1996 song by Alan Jackson

"Little Bitty" is a song recorded by American country music artist Alan Jackson. It was released in October 1996 as the lead-off single to Jackson's fifth studio album Everything I Love. The song reached the top of the U.S. Billboard country music charts in December of that year, becoming his fourteenth Number One on that chart. It also reached number-one on the Canadian RPM Country Tracks and peaked at number 58 on the U.S. Billboard Hot 100 chart.

The song was written by Tom T. Hall.
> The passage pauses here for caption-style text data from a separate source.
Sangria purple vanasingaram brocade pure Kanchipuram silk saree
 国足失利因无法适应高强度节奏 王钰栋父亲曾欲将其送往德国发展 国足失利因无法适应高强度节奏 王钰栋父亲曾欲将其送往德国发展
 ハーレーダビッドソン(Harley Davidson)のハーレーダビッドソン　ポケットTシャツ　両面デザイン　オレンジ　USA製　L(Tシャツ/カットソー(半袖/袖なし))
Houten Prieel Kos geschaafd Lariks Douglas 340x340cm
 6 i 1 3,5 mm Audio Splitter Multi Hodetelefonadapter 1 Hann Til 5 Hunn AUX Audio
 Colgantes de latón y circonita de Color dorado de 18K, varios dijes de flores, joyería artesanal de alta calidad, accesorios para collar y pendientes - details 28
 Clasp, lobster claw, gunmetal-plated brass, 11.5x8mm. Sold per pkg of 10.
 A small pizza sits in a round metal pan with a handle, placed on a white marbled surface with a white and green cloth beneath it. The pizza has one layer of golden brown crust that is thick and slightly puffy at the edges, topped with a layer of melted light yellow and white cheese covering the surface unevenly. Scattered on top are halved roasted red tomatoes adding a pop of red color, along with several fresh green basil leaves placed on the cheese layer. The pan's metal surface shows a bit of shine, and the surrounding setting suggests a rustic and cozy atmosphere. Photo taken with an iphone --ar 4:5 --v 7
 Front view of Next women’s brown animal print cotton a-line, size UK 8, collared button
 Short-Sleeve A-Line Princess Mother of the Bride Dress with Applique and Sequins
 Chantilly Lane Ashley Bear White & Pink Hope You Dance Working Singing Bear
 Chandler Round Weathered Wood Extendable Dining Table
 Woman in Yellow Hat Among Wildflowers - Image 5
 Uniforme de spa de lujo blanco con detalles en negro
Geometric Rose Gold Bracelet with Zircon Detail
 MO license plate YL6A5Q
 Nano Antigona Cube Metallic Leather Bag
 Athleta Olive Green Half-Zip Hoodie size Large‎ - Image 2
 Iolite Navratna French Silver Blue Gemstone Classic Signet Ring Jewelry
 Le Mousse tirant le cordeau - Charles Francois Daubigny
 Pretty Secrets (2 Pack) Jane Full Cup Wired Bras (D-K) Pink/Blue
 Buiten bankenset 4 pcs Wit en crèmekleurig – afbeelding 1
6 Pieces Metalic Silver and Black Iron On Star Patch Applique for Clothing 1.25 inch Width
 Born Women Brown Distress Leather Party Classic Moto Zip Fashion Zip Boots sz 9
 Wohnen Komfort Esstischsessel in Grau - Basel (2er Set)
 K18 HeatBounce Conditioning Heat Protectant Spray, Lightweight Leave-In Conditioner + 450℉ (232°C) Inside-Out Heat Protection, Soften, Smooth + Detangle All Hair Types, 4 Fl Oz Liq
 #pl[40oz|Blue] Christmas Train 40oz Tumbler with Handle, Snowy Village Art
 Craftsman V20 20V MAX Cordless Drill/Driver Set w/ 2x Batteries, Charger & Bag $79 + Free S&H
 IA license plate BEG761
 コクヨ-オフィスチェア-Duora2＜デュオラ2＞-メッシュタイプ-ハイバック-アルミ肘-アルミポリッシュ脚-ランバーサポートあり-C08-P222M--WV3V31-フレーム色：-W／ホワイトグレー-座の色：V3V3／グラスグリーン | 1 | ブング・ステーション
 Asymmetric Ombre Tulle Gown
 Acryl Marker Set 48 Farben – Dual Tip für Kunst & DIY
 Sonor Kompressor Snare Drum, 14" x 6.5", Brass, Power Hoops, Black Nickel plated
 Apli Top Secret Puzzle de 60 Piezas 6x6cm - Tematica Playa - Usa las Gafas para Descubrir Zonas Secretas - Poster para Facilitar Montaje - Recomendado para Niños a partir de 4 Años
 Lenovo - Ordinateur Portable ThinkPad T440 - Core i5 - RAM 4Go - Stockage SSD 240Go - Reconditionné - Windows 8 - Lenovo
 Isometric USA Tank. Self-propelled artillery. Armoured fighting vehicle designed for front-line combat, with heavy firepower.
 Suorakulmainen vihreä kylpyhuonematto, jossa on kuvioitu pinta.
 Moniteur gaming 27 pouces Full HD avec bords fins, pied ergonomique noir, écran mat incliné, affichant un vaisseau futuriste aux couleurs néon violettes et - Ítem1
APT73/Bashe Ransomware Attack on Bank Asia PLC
Hall had been retired from songwriting for about a decade at the time "Little Bitty" and several other new Hall compositions were released.

==Content==
The song is an up-tempo number in which the narrator states that some of life's greatest joys are found in the simplicity and small things of life.

==Critical reception==
Deborah Evans Price, of Billboard magazine reviewed the song favorably saying that Jackson's "smooth, effortless performance is right on target." She went on to say that the lyrics were clever and that country fans had appreciated the writer Hall's style of lyrics for a long time.

==Music video==
The music video was directed by Roger Pistole and it was released on October 18, 1996, on CMT.

==Chart positions==
"Little Bitty" debuted at number 41 on the U.S. Billboard Hot Country Singles & Tracks for the week of October 26, 1996.

| Chart (1996) | Peak position |
|---|---|
| Canada Country Tracks (RPM) | 2 |
| US Billboard Hot 100 | 58 |
| US Hot Country Songs (Billboard) | 1 |

===Year-end charts===

| Chart (1996) | Position |
|---|---|
| Canada Country Tracks (RPM) | 91 |

| Chart (1997) | Position |
|---|---|
| Canada Country Tracks (RPM) | 90 |
| US Country Songs (Billboard) | 63 |

== Certifications ==

| Region | Certification | Certified units/sales |
| New Zealand (RMNZ) | Gold | 15,000^{‡} |
| United States (RIAA) | 2× Platinum | 2,000,000^{‡} |
^{‡} Sales+streaming figures based on certification alone.

==Parodies==
- American country music parody artist Cledus T. Judd released a parody of "Little Bitty" titled "Mindy McCready" on his 1998 album Did I Shave My Back for This?